From Iceland — So What's This “Controversial” Art In City Hall I Keep Hearing About?

So What’s This “Controversial” Art In City Hall I Keep Hearing About?

Published September 29, 2015

So What’s This “Controversial” Art In City Hall I Keep Hearing About?
Photo by
Lóa Hjálmtýsdóttir

Reykjavík’s City Hall currently hosts a large exhibit celebrating the hundred year anniversary of women’s right to vote in Iceland. This exhibit includes a feminist art show, ‘Kynleikar’ (“Genderplay”) by fourteen young artists, curated by a downtown gallery called Ekkisens. Some of the works of art were put on display in the staff cafeteria, where they put a few people off their lunch.

The bourgeoisie cannot stomach the power of revolutionary art!

In this particular case, the art given pride of place where people went to have lunch included video art which cut together scenes from pornography with non-pornographic material. Few people want to mix sausage munching with eating lunch. Though, to be exact, the porn scenes in question depicted people getting sperm on their face.

If you want a picture of the future, imagine a dick ejaculating on a human face—forever.

One might contend, that one point the artists might have wanted to make is that humans are confronted with pornography in their daily lives, whether they like it or not. And the people working in City Hall did not like being confronted with pornography. So they turned off the video installations. If that had been the end of the story, it would not have been news. However, since this was City Hall, it became a political issue.
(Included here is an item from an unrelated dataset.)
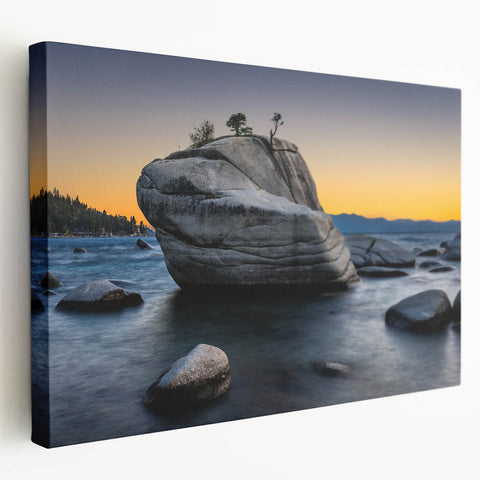 Large canvas print of Lake Tahoe with vibrant blue and green hues, ideal for kitchen wall art.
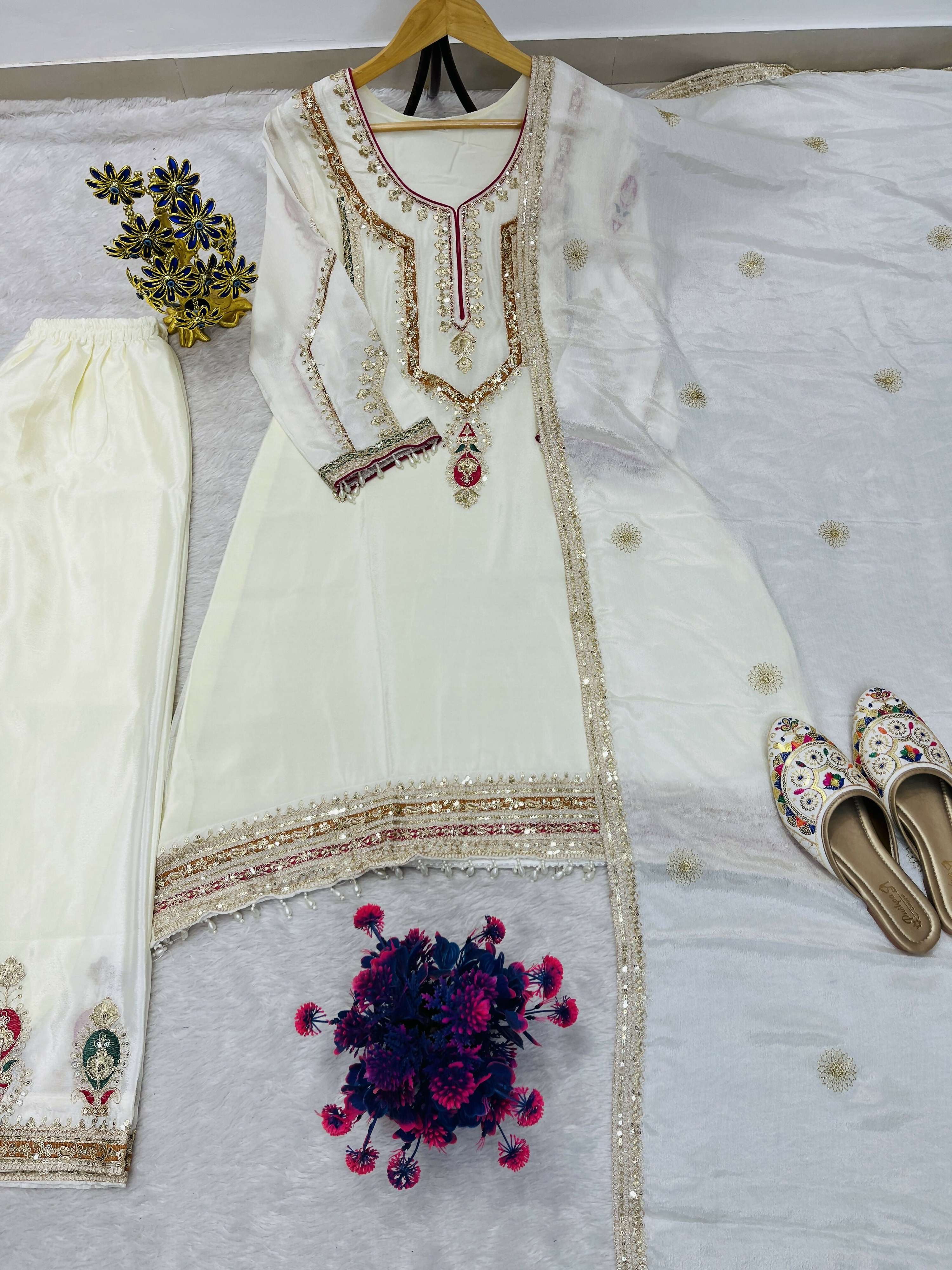 Teeya Creation Cream Color Chinon Silk Party Wear Trending Palazzo Set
Politicians and pornography. Now there’s a thought to put me off my lunch.

The media storm began properly when Sveinbjörg Birna Sveinbjörnsdóttir, who sits on City Council for the populist Progressive Party, took to Facebook to complain that the offensive art exhibit had cost the City of Reykjavík fifty-two thousand Euros. In fact, the total cost for the city was around two hundred Euros. She quickly removed that Facebook post.

I was going to say something about “egg on face” but suddenly that’s not very appetizing.
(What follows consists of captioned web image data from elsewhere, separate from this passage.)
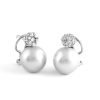Aretes de oro blanco 18k con perla y diamante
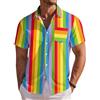 VVNTY Pride, camicia da uomo LGBTQ arcobaleno con bottoni, estiva, gay, LGBT, a maniche corte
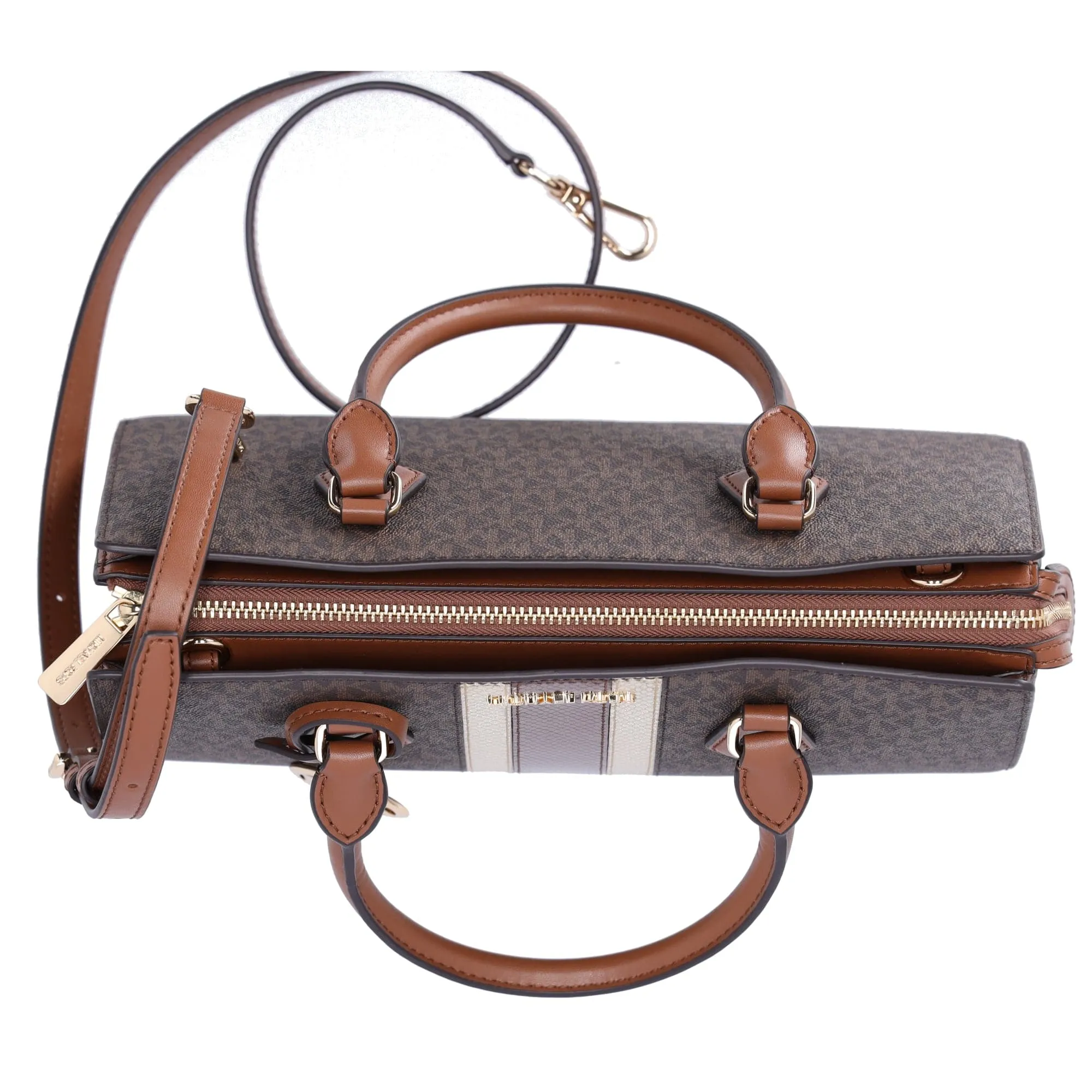 Michael Kors Sheila Medium Signature Logo and Metallic Satchel Brown Gold
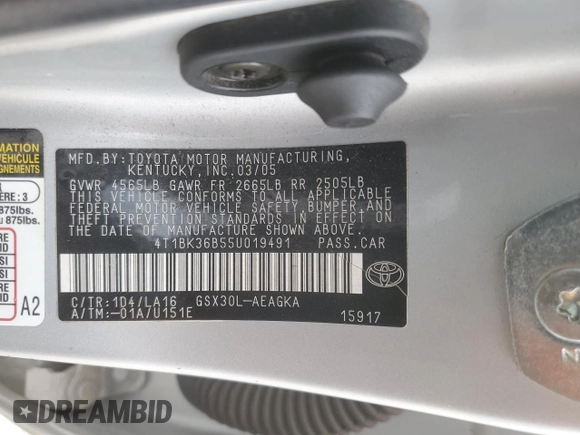 2005 Toyota Avalon XL z VIN 4T1BK36B55U019491, wystawiony jako Copart lot #50530335 z przebiegiem 111 698 mil mil oraz Szkoda całkowita • Salvage title. Historia ofert i sprzedaży dostępna na DreamBid. Obrazek 12.
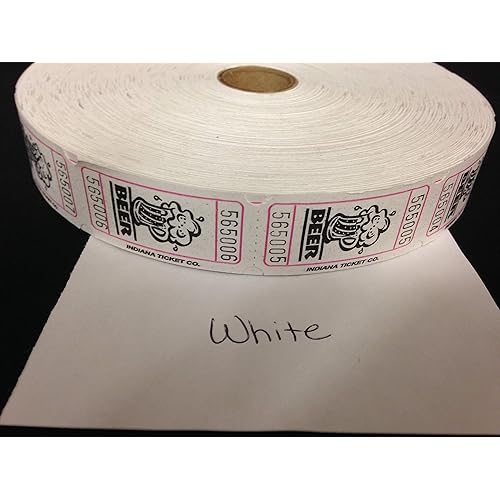 1 X 2000 White BEER Single Roll Consecutively Numbered Raffle Tickets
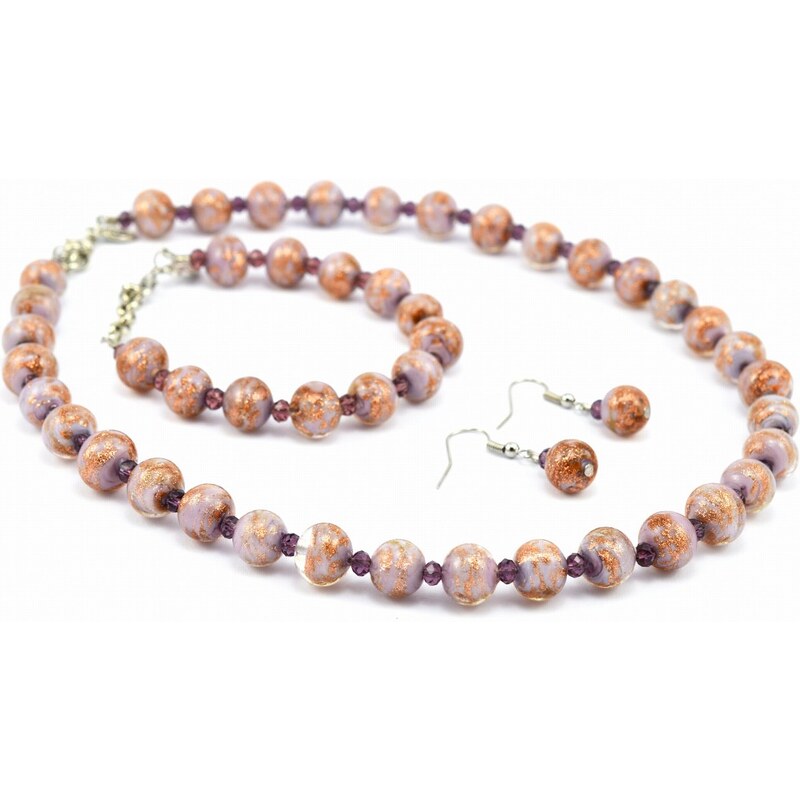Murano Sada náhrdelník, náramek, náušnice skleněné korálky - světle fialová - Sommerso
What she perhaps should have been shocked by is that fourteen artists can exhibit in City Hall without getting paid. It is odd to have to say that the City of Reykjavík should not be exploiting young artists. To add insult to injury, the city has not done anything to safeguard the works of art. According to a report in the newspaper DV, there is suspicion that the most controversial work has been sabotaged.

Hopefully not by… you know. By… uh… you know. Spooge.
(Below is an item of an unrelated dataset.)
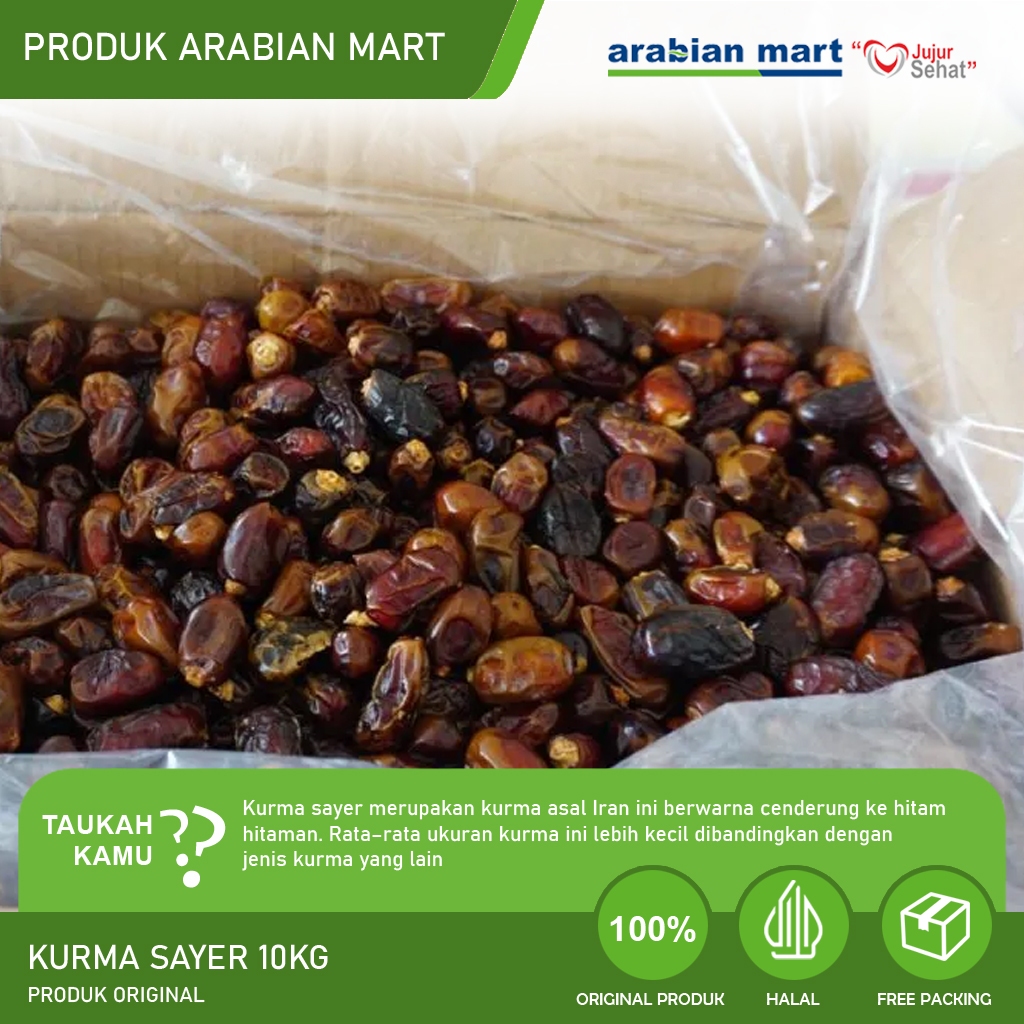 

1 DUS (10 KG) Kurma SAYER Premium 10kg Asli Dubai Untuk Buka Puasa Mesir Madu Golden Valley Sayer ASI Booster Bayi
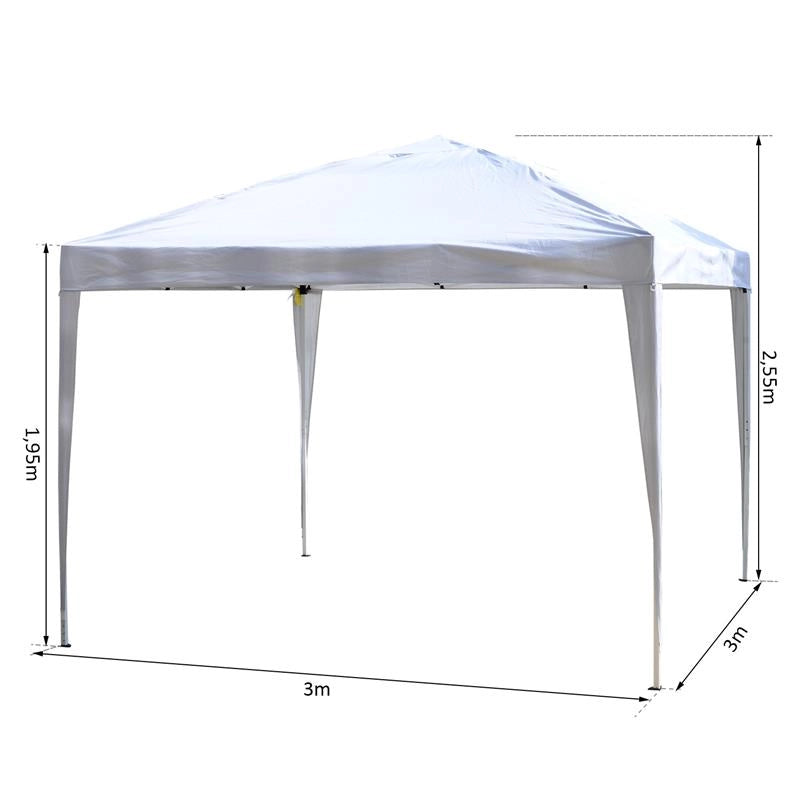 GAZEBO STRUTTURA IN ACCIAIO PIEGHEVOLE RIVESTIMENTO TESSUTO OXFORD BIANCO 3X3M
The DVD containing the video piece was scratched beyond repair. Thankfully, other copies exist. However, parts of another less controversial work were torn down. The word “píka” (that means “vagina”) was written on pieces of paper and plastered on the wall around the entrance of an elevator and inside it. Some of the papers were torn down. Despite the obvious need, the remaining works will not get more protection, according to Halldór Auðar Svansson, city councillor for the Pirate Party and member of the majority coalition.

Don’t be such a downer. Why focus on the two damaged works of art when twelve remain unsabotaged?

To add insult to the insult that was originally added to the injury, City Hall has no staff to take care of the art it is exhibiting. The artists have said on Facebook that they have had to go in person to City Hall to turn the works of art on and off. Which could only be excused if no one in City Hall knows how to use a DVD player.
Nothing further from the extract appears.